** DATASET EXTRACT follows **
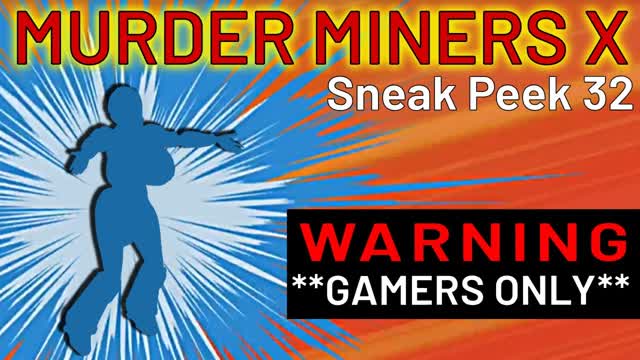 Murder Miners X Sneak Peek 32 - Booba Evolved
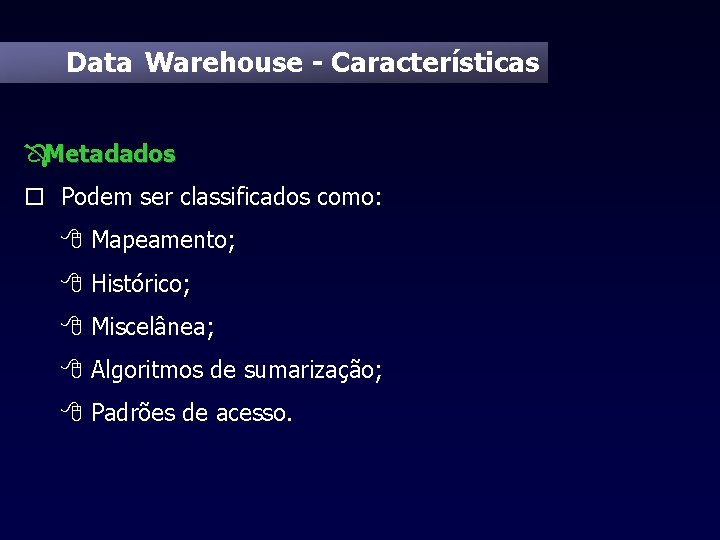 Data Warehouse - Características ÔMetadados o Podem ser classificados como: 8 Mapeamento; 8 Histórico;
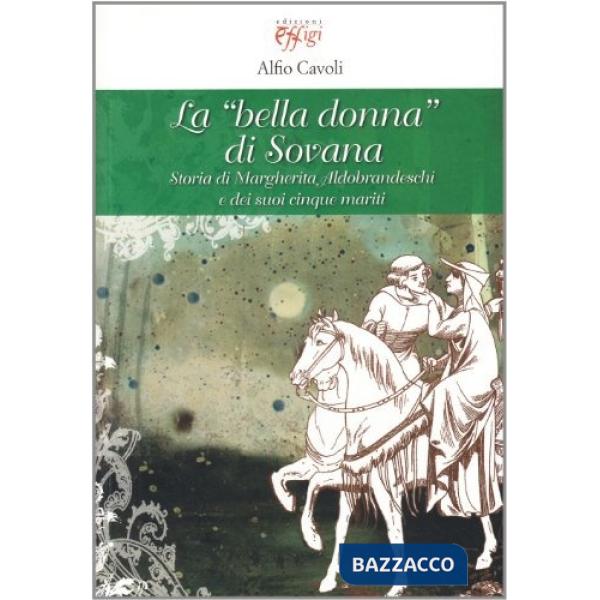 Bella donna di Sovana. Storia di Margherita Aldobrandeschi e dei suoi cinque mar
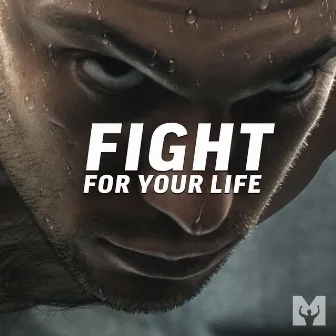 Fight for Your Life (Motivational Speech) by Walter Bond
** End of DATASET EXTRACT **
◆ EXERCISE DIRECTIONS: When you repeat the listing, keep it exact and leave the pictures behind.

◆ RESPONSE AREA:
 Murder Miners X Sneak Peek 32 - Booba Evolved
 Data Warehouse - Características ÔMetadados o Podem ser classificados como: 8 Mapeamento; 8 Histórico;
 Bella donna di Sovana. Storia di Margherita Aldobrandeschi e dei suoi cinque mar
 Fight for Your Life (Motivational Speech) by Walter Bond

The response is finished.